What does success look like for your business? Have you defined it for your business? Do you celebrate it? Many business success stories have been told again and again. The success story of Amazon.com is one such story. Jeff Bezos started by selling used textbooks to university students. I was one such student. These success stories encourage others in business to continue making the sacrifices necessary to succeed. Many businesses are making small and big wins every day. They are hitting the set revenue and profitability targets. They are acquiring new customers; they are going into new markets; they are retaining our best customers, and they are attracting and retaining the best people. Carrying out a business successfully takes lots of effort. Celebration keeps the fire burning.

Any business success, no matter how big or small, deserves to be celebrated. When a business turns a year older, it is time to celebrate. When a project team completes a project, celebrate. When a team member goes the extra mile for the customer, celebrate them. When it is a colleague’s birthday, celebrate them. When a new customer is on board, celebrate. Saying “thank you,” writing “well done,” buying someone a present, taking them out to lunch, sharing their achievement with others, or creating a formal award and recognition program are all examples of ways to celebrate someone. Success is something to be cherished because it motivates everyone. What success story will you share with your team today? How will you celebrate success moving forward?
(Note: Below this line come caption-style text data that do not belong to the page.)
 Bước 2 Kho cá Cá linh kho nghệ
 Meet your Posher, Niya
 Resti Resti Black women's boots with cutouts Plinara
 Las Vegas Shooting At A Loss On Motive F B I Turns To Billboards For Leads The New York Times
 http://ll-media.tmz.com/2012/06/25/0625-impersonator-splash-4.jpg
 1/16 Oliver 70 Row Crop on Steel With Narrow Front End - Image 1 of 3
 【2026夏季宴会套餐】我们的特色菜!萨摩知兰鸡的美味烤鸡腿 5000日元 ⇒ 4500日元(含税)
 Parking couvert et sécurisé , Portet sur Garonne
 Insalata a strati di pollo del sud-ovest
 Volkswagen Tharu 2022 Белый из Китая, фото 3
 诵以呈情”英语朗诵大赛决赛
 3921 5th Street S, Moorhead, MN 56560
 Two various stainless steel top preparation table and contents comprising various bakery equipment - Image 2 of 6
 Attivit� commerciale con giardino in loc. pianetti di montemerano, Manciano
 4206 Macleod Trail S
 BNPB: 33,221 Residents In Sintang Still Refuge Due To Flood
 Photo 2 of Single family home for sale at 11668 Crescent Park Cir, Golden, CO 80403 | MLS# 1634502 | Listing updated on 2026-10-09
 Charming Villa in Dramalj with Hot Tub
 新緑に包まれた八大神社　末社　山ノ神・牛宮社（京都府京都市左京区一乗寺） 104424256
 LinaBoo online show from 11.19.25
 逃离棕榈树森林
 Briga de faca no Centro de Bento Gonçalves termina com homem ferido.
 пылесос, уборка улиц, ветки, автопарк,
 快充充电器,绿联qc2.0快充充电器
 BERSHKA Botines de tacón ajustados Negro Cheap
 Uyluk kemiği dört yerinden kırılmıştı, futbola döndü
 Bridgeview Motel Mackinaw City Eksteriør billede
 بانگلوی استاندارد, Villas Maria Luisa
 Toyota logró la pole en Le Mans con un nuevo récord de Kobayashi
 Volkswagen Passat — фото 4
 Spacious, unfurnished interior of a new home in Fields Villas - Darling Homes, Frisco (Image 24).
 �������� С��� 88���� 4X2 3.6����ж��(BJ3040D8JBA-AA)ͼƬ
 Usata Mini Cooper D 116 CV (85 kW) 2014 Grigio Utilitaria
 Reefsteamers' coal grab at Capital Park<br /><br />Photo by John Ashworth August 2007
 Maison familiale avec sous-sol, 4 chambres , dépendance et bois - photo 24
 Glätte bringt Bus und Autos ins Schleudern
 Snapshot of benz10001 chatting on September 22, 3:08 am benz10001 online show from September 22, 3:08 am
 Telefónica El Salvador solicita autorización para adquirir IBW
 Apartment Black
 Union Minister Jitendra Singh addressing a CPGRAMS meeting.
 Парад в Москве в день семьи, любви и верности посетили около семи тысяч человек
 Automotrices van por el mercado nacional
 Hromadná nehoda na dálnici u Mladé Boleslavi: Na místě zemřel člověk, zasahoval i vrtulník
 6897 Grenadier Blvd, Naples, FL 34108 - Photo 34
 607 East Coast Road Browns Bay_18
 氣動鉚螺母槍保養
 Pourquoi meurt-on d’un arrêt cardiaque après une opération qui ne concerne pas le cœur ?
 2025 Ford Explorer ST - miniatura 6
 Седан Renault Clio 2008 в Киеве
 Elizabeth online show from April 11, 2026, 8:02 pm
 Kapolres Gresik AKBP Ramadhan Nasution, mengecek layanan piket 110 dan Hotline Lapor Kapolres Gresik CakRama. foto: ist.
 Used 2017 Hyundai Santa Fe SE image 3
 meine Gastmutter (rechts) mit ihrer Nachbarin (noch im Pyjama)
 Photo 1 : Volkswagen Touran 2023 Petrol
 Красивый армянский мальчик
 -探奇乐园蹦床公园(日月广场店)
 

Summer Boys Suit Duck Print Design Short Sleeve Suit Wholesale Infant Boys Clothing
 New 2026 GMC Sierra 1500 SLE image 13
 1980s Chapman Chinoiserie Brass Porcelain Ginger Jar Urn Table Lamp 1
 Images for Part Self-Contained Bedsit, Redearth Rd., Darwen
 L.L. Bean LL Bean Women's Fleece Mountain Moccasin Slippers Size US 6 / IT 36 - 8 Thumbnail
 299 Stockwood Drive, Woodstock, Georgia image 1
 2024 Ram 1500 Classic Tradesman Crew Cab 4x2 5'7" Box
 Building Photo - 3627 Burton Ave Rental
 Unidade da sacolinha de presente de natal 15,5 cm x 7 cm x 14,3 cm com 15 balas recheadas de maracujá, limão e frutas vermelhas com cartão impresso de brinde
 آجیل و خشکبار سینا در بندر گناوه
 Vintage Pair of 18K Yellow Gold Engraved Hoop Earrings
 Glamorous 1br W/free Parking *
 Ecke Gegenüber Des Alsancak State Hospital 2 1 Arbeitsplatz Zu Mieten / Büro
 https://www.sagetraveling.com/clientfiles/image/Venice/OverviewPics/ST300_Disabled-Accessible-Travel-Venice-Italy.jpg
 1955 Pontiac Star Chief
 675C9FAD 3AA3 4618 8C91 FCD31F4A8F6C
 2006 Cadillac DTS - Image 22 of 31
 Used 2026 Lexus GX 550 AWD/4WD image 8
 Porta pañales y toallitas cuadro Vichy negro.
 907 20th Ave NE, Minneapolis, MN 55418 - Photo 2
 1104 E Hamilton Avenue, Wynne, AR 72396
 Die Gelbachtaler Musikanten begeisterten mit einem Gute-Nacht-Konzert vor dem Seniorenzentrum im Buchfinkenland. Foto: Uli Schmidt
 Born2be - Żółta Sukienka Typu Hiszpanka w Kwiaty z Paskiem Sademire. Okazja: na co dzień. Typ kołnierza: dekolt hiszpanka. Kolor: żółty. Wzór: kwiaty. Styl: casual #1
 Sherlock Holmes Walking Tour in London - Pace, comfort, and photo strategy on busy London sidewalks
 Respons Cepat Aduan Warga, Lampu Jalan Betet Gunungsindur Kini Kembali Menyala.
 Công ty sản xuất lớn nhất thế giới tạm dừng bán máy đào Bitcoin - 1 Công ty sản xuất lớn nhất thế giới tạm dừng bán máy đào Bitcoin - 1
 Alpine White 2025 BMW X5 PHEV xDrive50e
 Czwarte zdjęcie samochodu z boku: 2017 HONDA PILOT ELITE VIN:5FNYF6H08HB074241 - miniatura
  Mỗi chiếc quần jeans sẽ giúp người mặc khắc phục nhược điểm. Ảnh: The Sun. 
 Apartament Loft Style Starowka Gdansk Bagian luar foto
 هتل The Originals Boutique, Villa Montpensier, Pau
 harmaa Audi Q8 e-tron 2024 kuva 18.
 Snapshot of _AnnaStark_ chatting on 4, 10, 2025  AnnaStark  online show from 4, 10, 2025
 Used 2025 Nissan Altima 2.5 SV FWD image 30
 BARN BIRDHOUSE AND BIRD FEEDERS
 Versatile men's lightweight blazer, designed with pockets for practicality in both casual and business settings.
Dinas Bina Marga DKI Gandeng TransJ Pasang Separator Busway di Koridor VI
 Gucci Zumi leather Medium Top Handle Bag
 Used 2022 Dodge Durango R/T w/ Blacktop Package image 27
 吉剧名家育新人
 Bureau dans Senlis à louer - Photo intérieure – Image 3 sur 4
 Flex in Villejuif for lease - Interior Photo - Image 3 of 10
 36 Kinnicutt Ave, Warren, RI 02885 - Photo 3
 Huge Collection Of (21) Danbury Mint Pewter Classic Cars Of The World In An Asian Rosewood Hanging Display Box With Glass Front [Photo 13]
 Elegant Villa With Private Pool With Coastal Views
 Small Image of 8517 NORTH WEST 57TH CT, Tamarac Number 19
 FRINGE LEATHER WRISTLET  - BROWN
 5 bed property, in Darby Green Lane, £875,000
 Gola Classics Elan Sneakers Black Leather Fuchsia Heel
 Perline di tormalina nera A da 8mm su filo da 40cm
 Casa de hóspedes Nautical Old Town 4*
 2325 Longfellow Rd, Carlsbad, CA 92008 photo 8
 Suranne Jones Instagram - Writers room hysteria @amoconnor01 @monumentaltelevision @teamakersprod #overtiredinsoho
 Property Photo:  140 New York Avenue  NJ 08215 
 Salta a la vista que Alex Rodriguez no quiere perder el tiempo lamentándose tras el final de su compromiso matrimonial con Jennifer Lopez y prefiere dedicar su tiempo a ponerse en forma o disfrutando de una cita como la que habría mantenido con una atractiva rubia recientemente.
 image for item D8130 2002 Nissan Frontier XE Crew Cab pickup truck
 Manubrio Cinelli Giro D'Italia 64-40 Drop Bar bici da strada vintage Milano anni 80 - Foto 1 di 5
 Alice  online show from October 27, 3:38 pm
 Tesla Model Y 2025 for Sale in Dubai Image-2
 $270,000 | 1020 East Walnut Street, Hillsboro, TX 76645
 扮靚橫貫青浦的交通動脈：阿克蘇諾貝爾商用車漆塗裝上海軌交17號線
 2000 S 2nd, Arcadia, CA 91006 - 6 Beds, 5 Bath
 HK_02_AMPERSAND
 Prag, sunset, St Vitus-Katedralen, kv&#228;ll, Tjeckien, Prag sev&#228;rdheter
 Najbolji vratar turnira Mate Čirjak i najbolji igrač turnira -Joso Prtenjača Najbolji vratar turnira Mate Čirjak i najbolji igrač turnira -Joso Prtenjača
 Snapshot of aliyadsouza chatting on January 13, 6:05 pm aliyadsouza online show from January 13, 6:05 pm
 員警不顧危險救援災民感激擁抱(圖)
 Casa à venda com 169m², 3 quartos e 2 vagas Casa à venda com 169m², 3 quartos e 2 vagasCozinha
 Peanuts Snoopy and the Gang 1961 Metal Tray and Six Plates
Bill Gates, the founder of Microsoft, once said, “It’s fine to celebrate success, but it is more important to heed the lessons of failure.” Sometimes, individuals, teams, and businesses experience failure. These failures become an opportunity for us to learn and grow. We fail to retain a customer or a member of the team. We may fail to hit our revenue targets. A marketing campaign or a new product may fail. A business may fail in totality. All these failures become lessons in what we need to do differently. Some businesses have reinvented themselves or their products after failures. The 1985 New Coke launch was one such major failure. The product failure made Coca-Cola bring back its original Coke three months after the launch of a new product. Many businesses have experienced failures.

We can choose to learn from our failures as well as the failures of others. If we learn more from the failures of others, we get a head start. For example, some businesses took time to adapt to technological changes, and it became quite difficult for them to survive. These businesses become a lesson to others. Most of us have heard of the ‘Kodak Moment’. Initially, the ‘Kodak Moment’ was about getting ready for the perfect photograph to memorialize an occasion. After the digital revolution bypassed Kodak, the “Kodak Moment” was also used to refer to Kodak’s failure to realize that its strategy was no longer effective in a world gone digital. In the business world, there is no success without failure. We must therefore be more open to looking out for both success and failure. By celebrating success and learning from failure, we become better!